Title: Ni no Maeshii no Tsukaikata
English: How to Use Ninomae Shii
Author & Illustrator: Nekosuna Ippei
Publishing Years: 2011-12
Let me introduce you to Ninomae Shii an android, built by a super genius who is only in middle school. But our silent creator doesn’t get the spotlight for too long since she remains mute in the series (only communicating through flash cards). Rather, the main focus is on the robot who is trying to find a purpose for his creation. While looking for a directive, Shii encounters unique people that usually get him into hilarious outcomes.
Much of the comedy is set in the combined middle/ high school building Shii is literally plugged into; he has a power chord for a tail and can’t really leave the robotics club room. Shii becomes mobile by the middle of the manga, allowing for more off campus antics.
The manga has a slow going story, leaving room for some character development. But a majority of the content is focused on periodic comedy and quite a few fan service bits.
What I enjoyed the most out of this manga would probably be on the supporting cast. Aside from the middle school genius, there’s a pervert that takes every opportunity to flip skirts, a (not to sneaky) ninja sent by the Japanese government to monitor the robot, and student council president that actually does her job!
Interactions between these characters are a joy and they definitely grow to be likeable. And, towards the middle, relationships are established with the most unlikely of people, but certainly appreciated in this 30 chapter manga.
The manga’s run was a short burst of delight that I wished had continued; it was a sudden announcement in the penultimate chapter that the series would come to an end, surprising me out of nowhere.

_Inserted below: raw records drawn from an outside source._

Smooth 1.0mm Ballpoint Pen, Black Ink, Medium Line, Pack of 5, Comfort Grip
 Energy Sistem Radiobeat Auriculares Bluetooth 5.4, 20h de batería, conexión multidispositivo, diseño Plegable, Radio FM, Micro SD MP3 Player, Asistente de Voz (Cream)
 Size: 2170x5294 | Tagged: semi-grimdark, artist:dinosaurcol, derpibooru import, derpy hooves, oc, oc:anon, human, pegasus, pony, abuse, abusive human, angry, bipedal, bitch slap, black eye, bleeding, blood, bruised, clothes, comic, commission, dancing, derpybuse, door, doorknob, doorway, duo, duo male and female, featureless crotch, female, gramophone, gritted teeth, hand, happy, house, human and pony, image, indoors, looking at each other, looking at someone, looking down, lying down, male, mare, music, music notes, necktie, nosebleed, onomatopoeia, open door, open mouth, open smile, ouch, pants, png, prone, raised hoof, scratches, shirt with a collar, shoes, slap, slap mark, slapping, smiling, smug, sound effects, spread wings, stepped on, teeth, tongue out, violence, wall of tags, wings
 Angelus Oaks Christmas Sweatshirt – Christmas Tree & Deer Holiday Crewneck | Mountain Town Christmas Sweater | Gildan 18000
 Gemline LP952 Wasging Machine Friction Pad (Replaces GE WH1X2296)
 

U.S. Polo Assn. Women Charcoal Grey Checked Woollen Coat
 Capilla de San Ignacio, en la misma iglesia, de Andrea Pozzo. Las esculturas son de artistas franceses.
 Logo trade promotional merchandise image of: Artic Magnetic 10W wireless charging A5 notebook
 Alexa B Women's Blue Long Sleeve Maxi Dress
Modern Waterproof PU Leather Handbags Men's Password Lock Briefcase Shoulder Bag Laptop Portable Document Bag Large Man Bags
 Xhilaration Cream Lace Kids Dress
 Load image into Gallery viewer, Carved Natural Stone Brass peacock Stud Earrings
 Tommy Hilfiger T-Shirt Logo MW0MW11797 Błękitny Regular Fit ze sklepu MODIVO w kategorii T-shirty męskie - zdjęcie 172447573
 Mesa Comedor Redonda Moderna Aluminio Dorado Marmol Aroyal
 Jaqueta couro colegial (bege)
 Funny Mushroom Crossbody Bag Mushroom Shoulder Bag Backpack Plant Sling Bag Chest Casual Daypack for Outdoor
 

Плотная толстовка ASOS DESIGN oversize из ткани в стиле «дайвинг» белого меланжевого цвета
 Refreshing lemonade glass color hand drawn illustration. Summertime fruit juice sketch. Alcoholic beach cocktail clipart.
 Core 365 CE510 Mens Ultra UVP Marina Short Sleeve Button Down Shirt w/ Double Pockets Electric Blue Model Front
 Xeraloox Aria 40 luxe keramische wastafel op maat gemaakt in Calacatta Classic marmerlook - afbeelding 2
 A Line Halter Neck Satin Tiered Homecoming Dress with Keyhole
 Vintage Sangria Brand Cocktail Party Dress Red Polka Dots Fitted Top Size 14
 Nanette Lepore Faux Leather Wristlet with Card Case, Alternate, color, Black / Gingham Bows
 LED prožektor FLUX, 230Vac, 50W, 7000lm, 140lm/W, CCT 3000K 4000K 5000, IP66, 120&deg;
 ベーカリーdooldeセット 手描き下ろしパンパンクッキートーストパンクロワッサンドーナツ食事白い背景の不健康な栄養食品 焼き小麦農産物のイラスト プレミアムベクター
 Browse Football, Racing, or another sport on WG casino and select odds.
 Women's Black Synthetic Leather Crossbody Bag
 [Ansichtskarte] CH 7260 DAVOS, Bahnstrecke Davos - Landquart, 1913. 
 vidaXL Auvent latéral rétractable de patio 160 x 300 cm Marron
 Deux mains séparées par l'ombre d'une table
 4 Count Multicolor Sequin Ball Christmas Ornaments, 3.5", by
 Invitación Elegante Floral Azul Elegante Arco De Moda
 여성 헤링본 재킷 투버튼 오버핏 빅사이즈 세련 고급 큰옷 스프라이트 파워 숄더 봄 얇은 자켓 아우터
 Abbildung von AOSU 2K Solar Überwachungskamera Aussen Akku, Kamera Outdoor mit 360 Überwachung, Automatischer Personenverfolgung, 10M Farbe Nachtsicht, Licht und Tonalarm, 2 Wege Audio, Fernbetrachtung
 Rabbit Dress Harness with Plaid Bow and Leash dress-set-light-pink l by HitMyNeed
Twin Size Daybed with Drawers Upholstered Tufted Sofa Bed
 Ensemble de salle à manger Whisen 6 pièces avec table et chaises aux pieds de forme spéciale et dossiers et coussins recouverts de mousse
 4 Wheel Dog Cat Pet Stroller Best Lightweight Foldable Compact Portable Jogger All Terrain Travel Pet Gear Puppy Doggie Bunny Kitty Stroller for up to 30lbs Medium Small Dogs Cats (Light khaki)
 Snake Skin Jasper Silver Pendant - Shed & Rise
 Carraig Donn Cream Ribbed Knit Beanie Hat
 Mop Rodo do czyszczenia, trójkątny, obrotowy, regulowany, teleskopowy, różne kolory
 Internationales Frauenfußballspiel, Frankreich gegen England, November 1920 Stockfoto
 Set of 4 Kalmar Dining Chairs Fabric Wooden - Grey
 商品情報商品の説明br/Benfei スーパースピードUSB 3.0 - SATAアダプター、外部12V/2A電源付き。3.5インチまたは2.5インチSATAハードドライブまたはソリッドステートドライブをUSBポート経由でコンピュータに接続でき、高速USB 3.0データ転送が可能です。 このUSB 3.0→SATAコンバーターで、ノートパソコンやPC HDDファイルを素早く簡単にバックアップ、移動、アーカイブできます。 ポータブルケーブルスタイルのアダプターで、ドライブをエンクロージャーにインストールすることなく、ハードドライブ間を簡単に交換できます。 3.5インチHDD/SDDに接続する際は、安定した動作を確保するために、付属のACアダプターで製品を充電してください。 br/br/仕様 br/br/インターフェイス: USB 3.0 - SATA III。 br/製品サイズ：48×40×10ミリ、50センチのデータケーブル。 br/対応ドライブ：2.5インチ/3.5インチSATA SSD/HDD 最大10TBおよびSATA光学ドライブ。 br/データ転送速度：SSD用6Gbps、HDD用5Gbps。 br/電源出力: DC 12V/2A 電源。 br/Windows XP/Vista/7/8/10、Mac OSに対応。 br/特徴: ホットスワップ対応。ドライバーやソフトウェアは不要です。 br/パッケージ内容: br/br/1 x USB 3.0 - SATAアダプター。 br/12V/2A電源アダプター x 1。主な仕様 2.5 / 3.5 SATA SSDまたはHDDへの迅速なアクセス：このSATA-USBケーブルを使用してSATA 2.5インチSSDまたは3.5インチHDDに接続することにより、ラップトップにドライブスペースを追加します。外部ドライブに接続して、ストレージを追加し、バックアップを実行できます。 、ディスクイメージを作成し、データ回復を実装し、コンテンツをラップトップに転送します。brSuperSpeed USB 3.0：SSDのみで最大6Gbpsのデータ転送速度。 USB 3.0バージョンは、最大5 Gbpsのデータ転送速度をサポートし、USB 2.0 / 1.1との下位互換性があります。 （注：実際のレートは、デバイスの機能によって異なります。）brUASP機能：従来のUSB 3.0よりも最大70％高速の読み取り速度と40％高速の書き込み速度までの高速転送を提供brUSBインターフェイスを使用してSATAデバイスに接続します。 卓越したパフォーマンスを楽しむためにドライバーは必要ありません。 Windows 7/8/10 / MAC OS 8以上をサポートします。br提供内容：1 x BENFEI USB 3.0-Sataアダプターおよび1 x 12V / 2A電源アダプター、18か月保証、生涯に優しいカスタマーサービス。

The art style Ippei uses is normal yet cute. Some characters appear to be plain since they have looks that are proven to work in most other character types. But I’m not saying they’re bland; it’s all about the personalities mentioned earlier. This manga also has ecchi moments at almost every third chapter, but at least it’s expected in the chapter rather than out of nowhere. Those scenes are pretty good; just remember they’re in high school…
As for comparisons, I mostly identify with Nichijou because both have a robot character that are trying to fit in, with lots of comedy set in the stories.
Give it a read since it’s short and pleasing.